■ YOUR TASK
Of the lines in the data below, write out exactly those from the one holding "Изображение товара Вытяжка" through the one holding "Stock image for", both included.

■ AVAILABLE RECORDS
■ ■ ■ ■

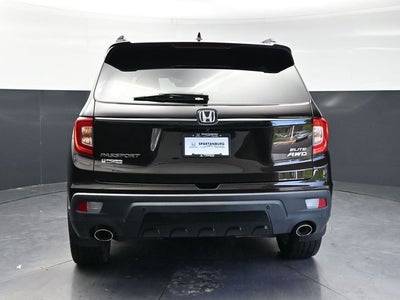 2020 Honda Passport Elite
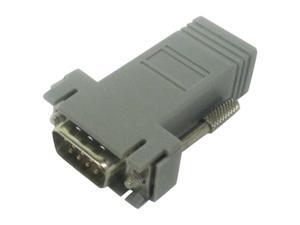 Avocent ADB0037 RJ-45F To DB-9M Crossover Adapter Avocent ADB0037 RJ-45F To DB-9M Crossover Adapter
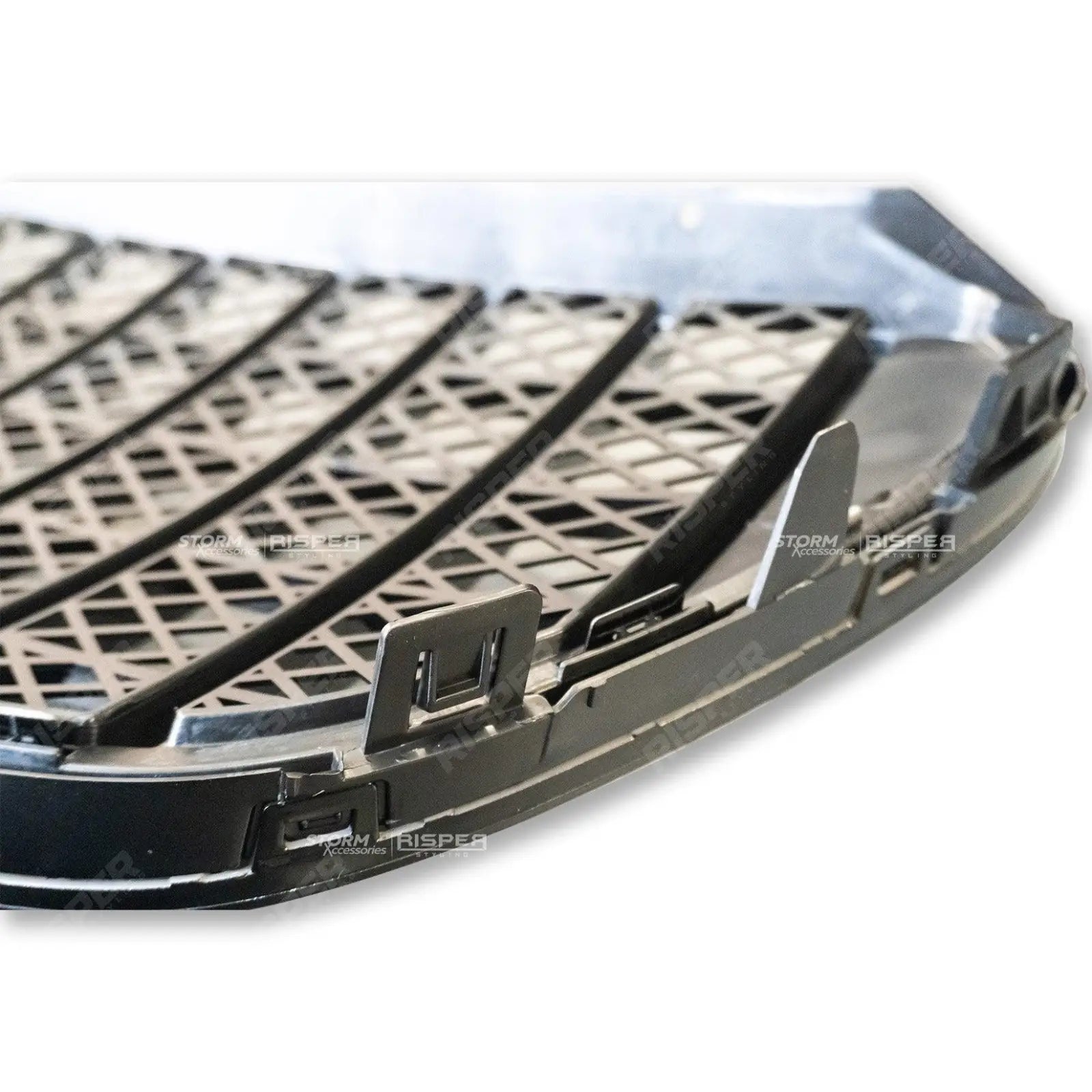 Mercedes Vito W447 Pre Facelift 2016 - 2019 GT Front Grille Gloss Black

■ ■ ■ ■

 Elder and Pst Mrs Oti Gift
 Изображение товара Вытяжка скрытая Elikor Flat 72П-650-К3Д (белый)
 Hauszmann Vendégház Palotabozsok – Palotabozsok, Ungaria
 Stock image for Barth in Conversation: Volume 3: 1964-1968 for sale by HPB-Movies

■ ■ ■ ■

■ THE ANSWER
 Изображение товара Вытяжка скрытая Elikor Flat 72П-650-К3Д (белый)
 Hauszmann Vendégház Palotabozsok – Palotabozsok, Ungaria
 Stock image for Barth in Conversation: Volume 3: 1964-1968 for sale by HPB-Movies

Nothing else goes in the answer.